What you need to do:
Beginning with the first entry, restate the data word for word and leave out the images.

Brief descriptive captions
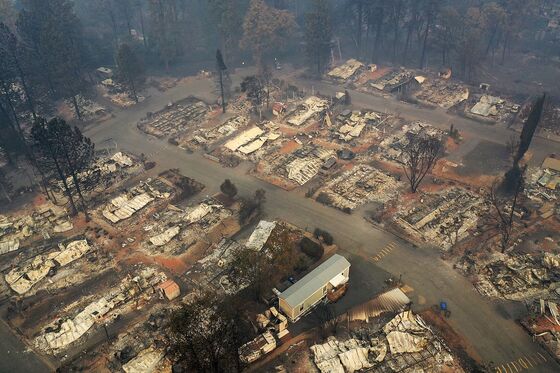 PG&E Reaches $1 Billion Fire Settlement With Local Agencies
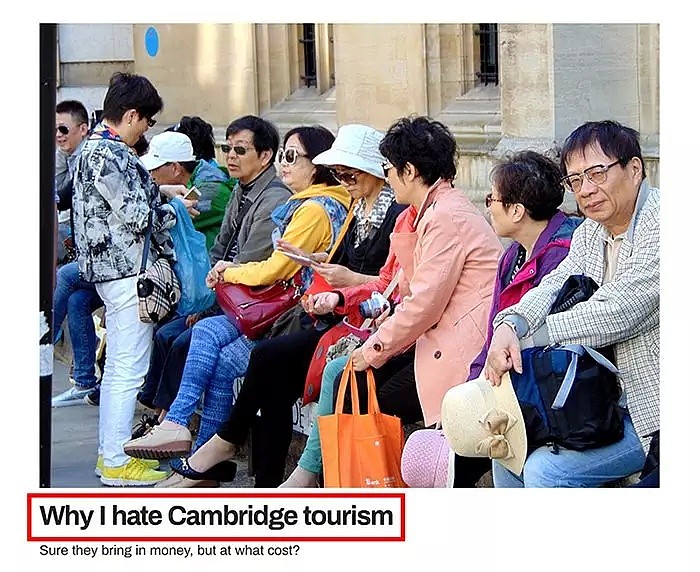 中国游客挤爆康桥，剑桥吐槽吃不消：“被中国人淹没、要自毁”，拟计划限制中国人数...（组图） - 23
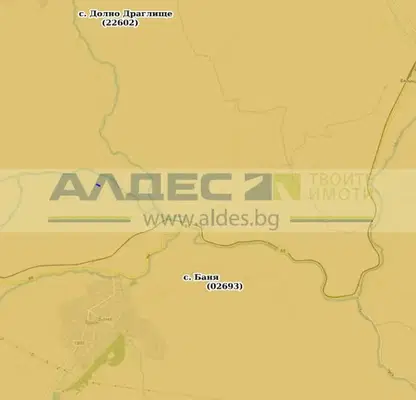 Снимка 2 — Парцел в Благоевград, с. Баня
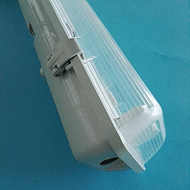 1.2m Waterproof Lamp All Plastic Three Proof Lamp Shell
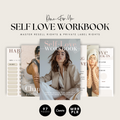 Self Love Workbook - Elevate Her Agency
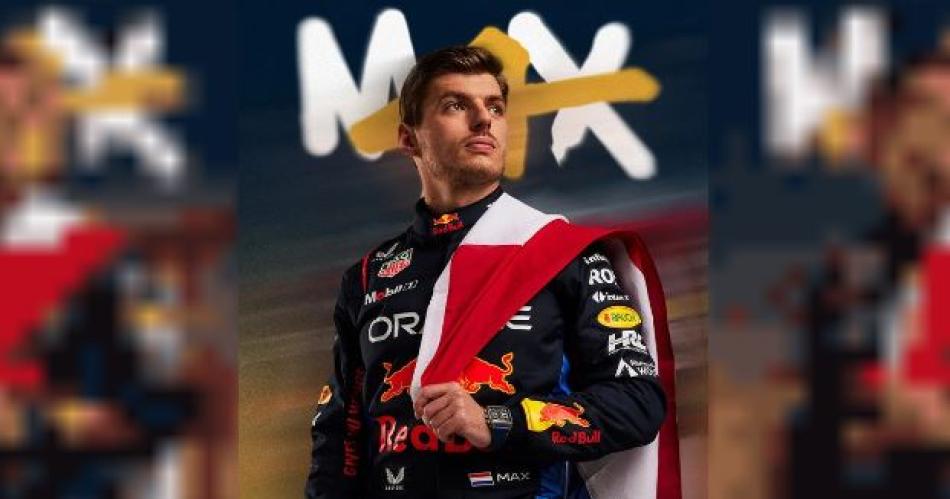 Max Verstappen tetracampeoacuten de la Foacutermula 1 en Las Vegas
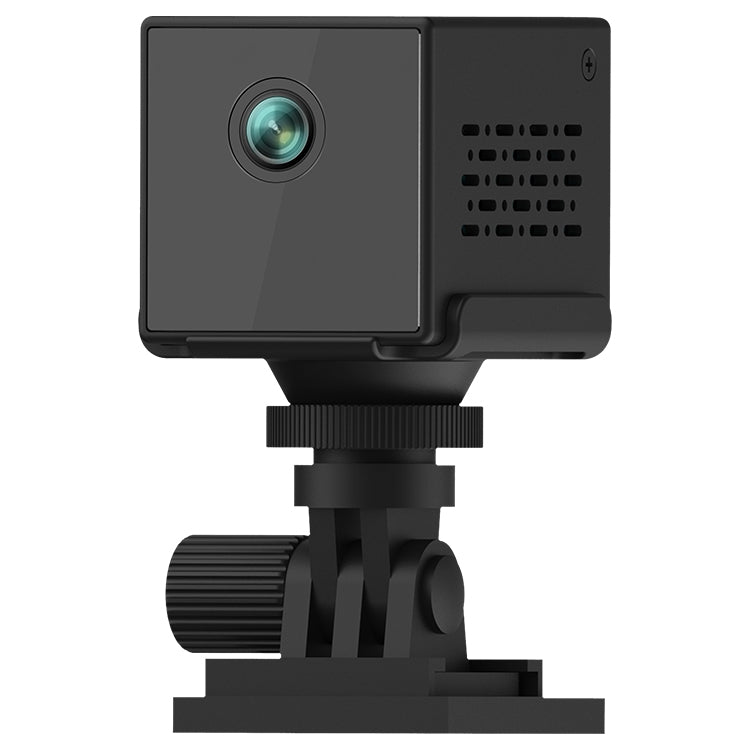 CAMSOY S30 1080P Batteria a lunga durata WiFi Wireless Network Action Camera Registratore grandangolare con supporto, S30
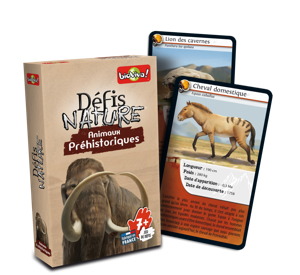 Défis nature : animaux préhistoriques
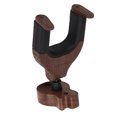 thumbnail image 4 of Guitar Wall Hanger, Guitar Holder Guitar Shape Easy Installation Safe Stable  For Home For Studio For Office, 4 of 8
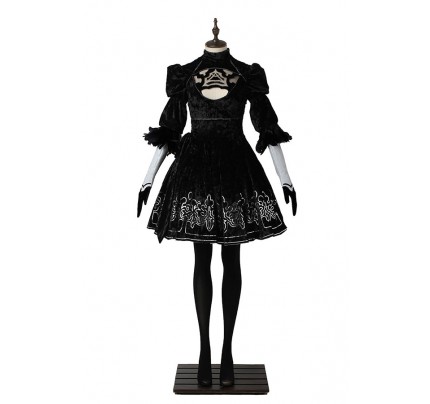 Nier Automata Cosplay YoRHa No.2 Type B Costume 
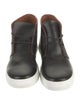 Junya Watanabe Comme des Garçons MAN Leather Colorblock Pattern Sneakers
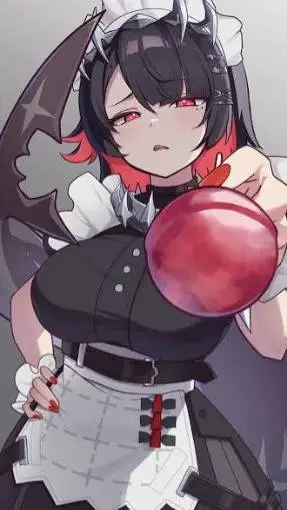 ai character: Ellen joe  background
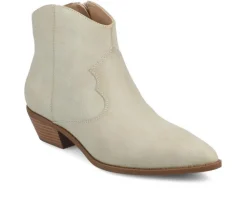 Cowboy & Western|Boots & Booties>Journee Collection Women's Taliah Booties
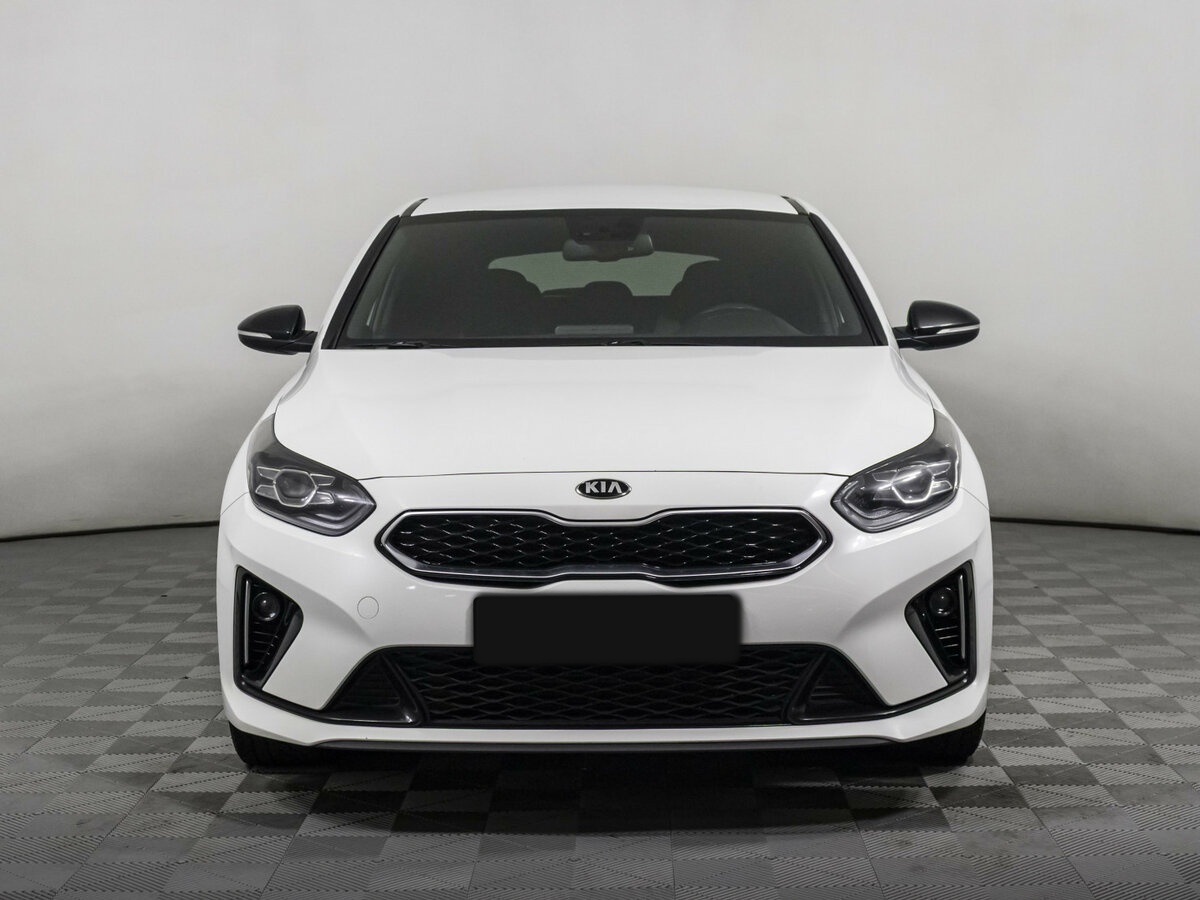 Kia Proceed 2019 года с пробегом. Фото: #1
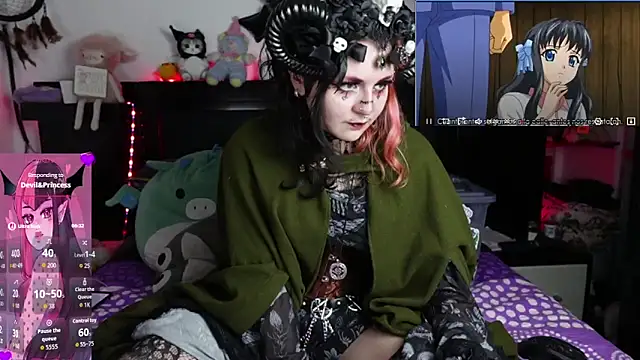 Devil And Princess online show from 05/23/26, 03:38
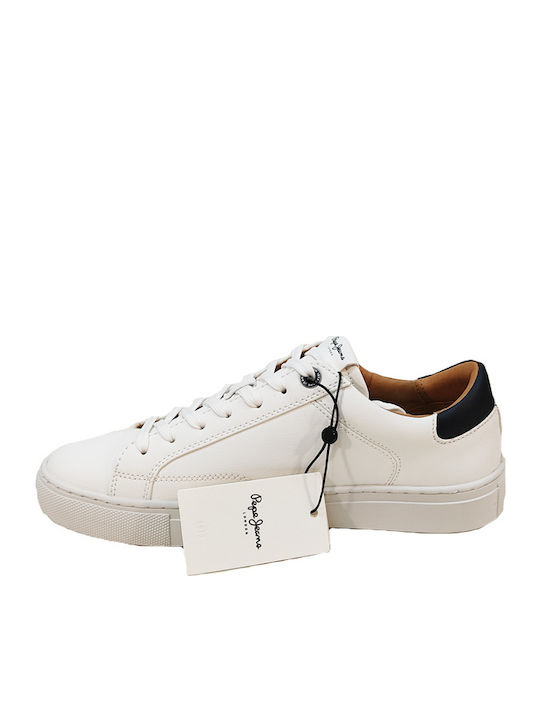 Joe Basic Ανδρικά Ανατομικά Sneakers Basic White
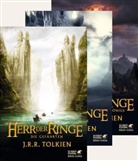 John Ronald Reuel Tolkien - Der Herr der Ringe, Film Tie-In, 3 Bde.
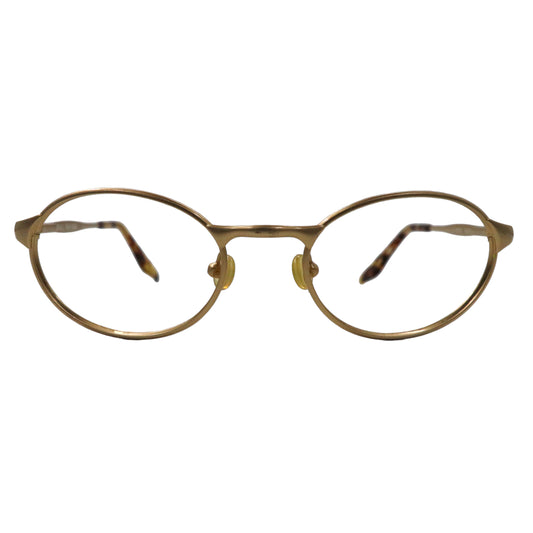Ray-Ban B&L 伊達眼鏡 メガネ オーバル メタルフレーム ゴールド RB3002 W3005 ボシュロム社製 Bausch&Lomb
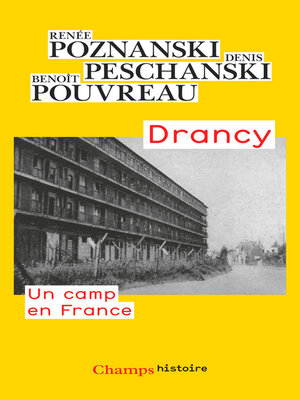cover image of Drancy, un camp en France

Solution to this problem:
 PG&E Reaches $1 Billion Fire Settlement With Local Agencies
 中国游客挤爆康桥，剑桥吐槽吃不消：“被中国人淹没、要自毁”，拟计划限制中国人数...（组图） - 23
 Снимка 2 — Парцел в Благоевград, с. Баня
 1.2m Waterproof Lamp All Plastic Three Proof Lamp Shell
 Self Love Workbook - Elevate Her Agency
 Max Verstappen tetracampeoacuten de la Foacutermula 1 en Las Vegas
 CAMSOY S30 1080P Batteria a lunga durata WiFi Wireless Network Action Camera Registratore grandangolare con supporto, S30
 Défis nature : animaux préhistoriques
 thumbnail image 4 of Guitar Wall Hanger, Guitar Holder Guitar Shape Easy Installation Safe Stable  For Home For Studio For Office, 4 of 8
 Nier Automata Cosplay YoRHa No.2 Type B Costume 
 Junya Watanabe Comme des Garçons MAN Leather Colorblock Pattern Sneakers
 ai character: Ellen joe  background
 Cowboy & Western|Boots & Booties>Journee Collection Women's Taliah Booties
 Kia Proceed 2019 года с пробегом. Фото: #1
 Devil And Princess online show from 05/23/26, 03:38
 Joe Basic Ανδρικά Ανατομικά Sneakers Basic White
 John Ronald Reuel Tolkien - Der Herr der Ringe, Film Tie-In, 3 Bde.
Ray-Ban B&L 伊達眼鏡 メガネ オーバル メタルフレーム ゴールド RB3002 W3005 ボシュロム社製 Bausch&Lomb
cover image of Drancy, un camp en France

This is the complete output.